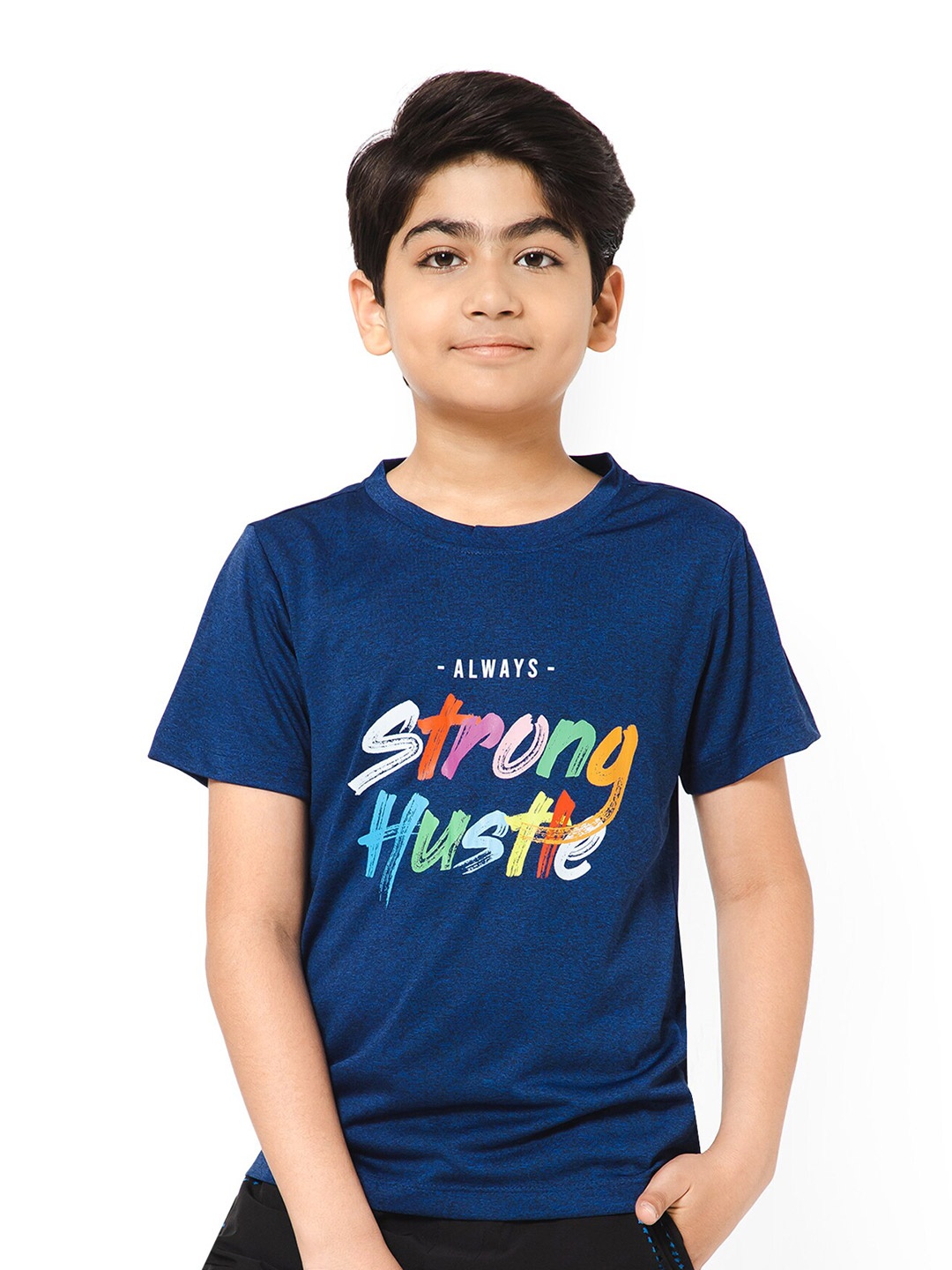 

Bodycare Boys Typography Printed Round Neck T-shirt, Navy blue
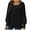 ZB-Black, variant on Meichang Cyber and Monday Deals, Puff Long Sleeve Shirts for Women Plus Size Square Neck Ribbed Knit Tops Solid Loose Fit Side Slit Hem Blouses Spring Trendy Women Tunic Tops
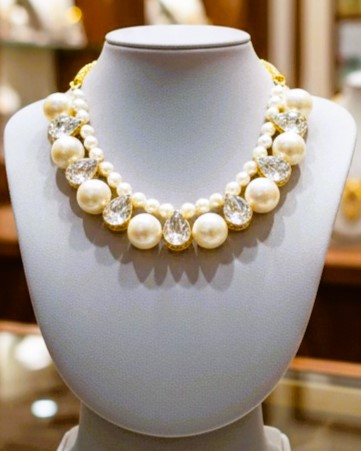 Pearl and Crystal Statement Necklace One Gram Gold Plated Jewellery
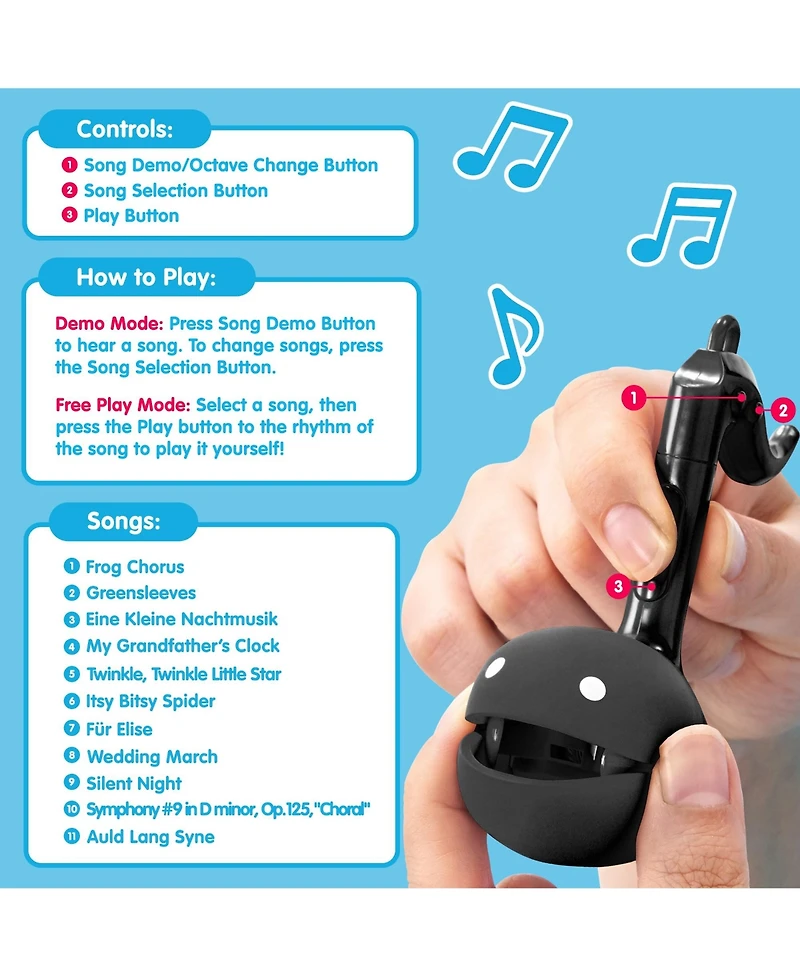 Otamatone Melody Series Japanese Electronic Mini Musical Toy Portable 11 Pre-Programmed Songs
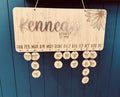 Personalised family birthday calendar with hanging wooden tags
Custom wooden birthday reminder board with family name
Family birthday calendar plaque with engraved name and tags
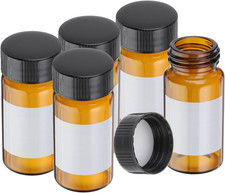 Small Glass Sample Bottles with Lids, 5 Pcs 20ml Amber Glass Vials with Black Sc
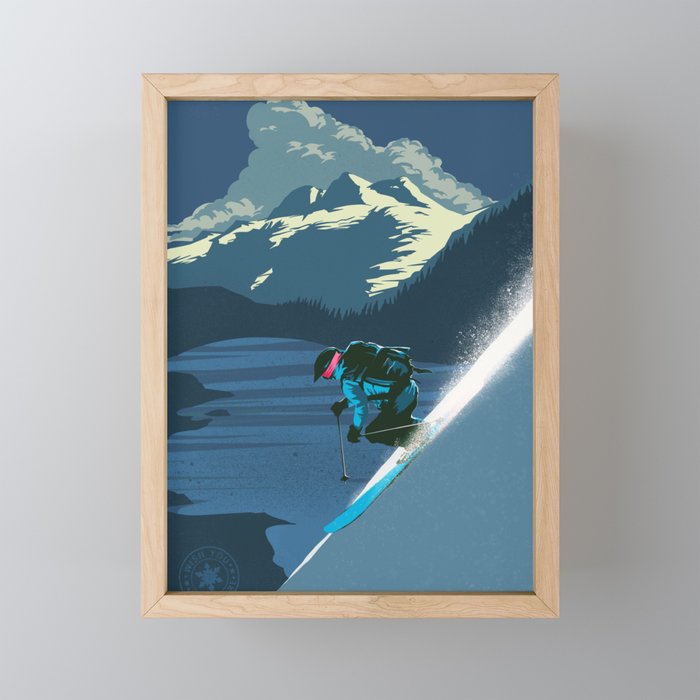 Retro Sunset Alpine Ski Travel Poster Framed Mini Art Print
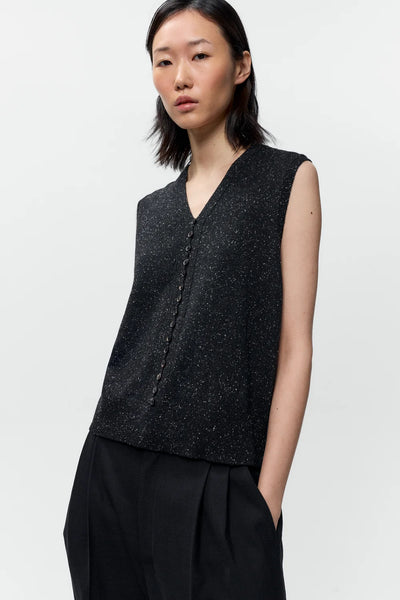 Cordera Silk & Wool Flecked Waistcoat Zwart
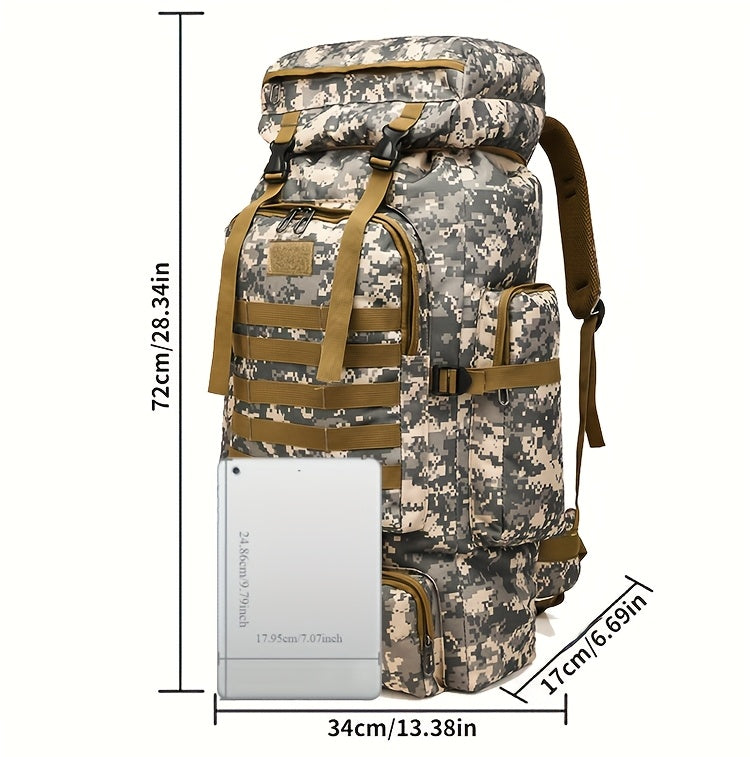 80L Tactical Backpack - Waterproof, Durable Oxford Fabric Daypack for Hiking, Hunting & Camping - Green Camo - For Outdoor Enthusiasts - Ideal for Hiking, Camping & Travel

==*==

> _Your instructions_
Take the lines from the one containing "Retro Sunset Alpine" through the final line of the listing above and print them exactly, including both ends but no pictures.

> _Response box_
 Retro Sunset Alpine Ski Travel Poster Framed Mini Art Print
 Cordera Silk & Wool Flecked Waistcoat Zwart
 80L Tactical Backpack - Waterproof, Durable Oxford Fabric Daypack for Hiking, Hunting & Camping - Green Camo - For Outdoor Enthusiasts - Ideal for Hiking, Camping & Travel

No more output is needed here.